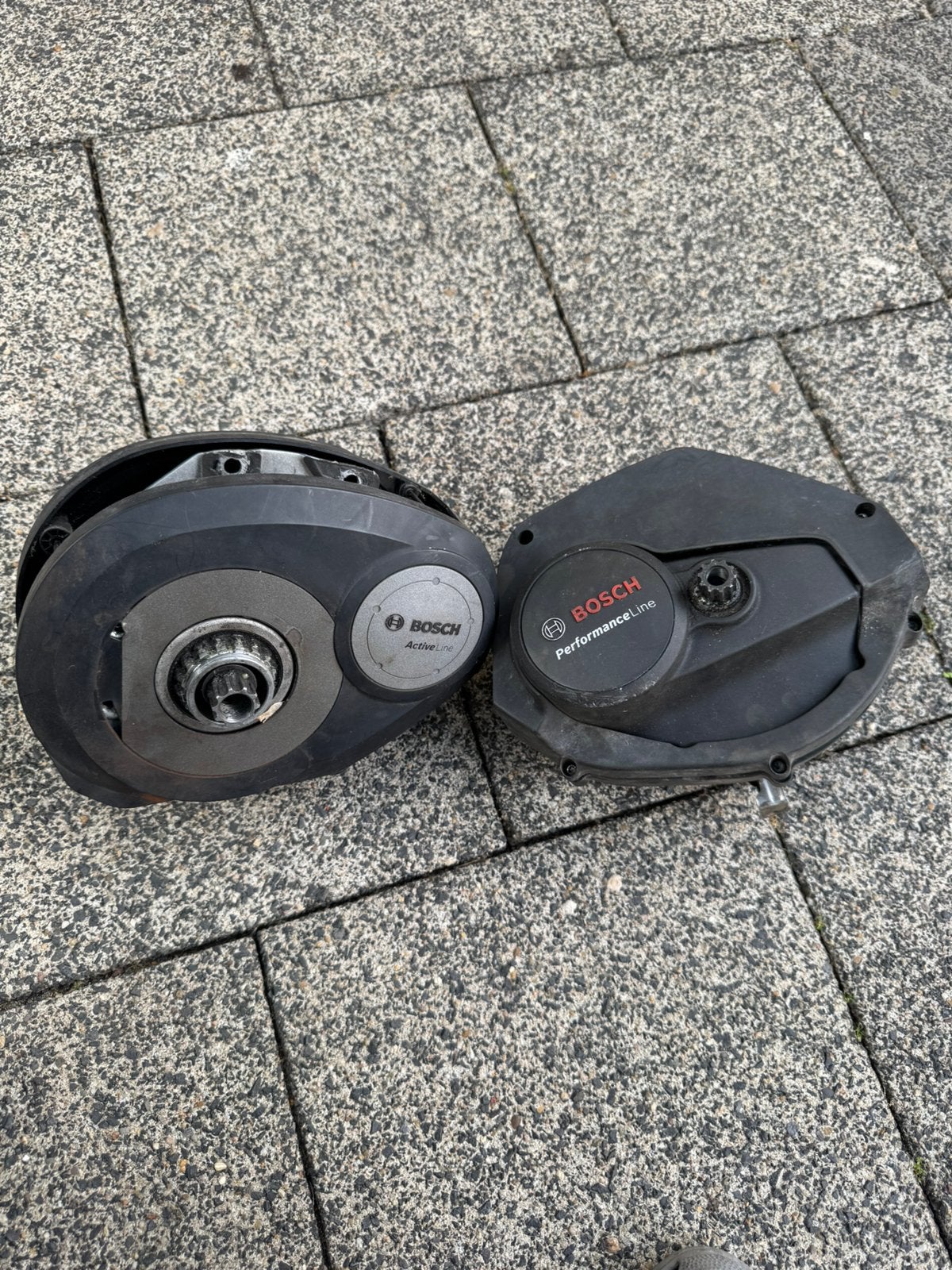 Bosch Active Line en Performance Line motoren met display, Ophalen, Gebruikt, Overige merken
○ ○ ○
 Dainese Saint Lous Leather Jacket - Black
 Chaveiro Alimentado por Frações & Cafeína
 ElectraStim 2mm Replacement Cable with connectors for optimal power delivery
○ ○ ○
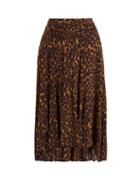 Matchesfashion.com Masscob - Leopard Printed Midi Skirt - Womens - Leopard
○ ○ ○
◆ Work required
Set down exactly the lines of the data above, beginning with the line that has "Dainese Saint Lous Leather Jacket - Black" and ending with the line that has "ElectraStim 2mm Replacement", and no others.

◆ Answer to this exercise
 Dainese Saint Lous Leather Jacket - Black
 Chaveiro Alimentado por Frações & Cafeína
 ElectraStim 2mm Replacement Cable with connectors for optimal power delivery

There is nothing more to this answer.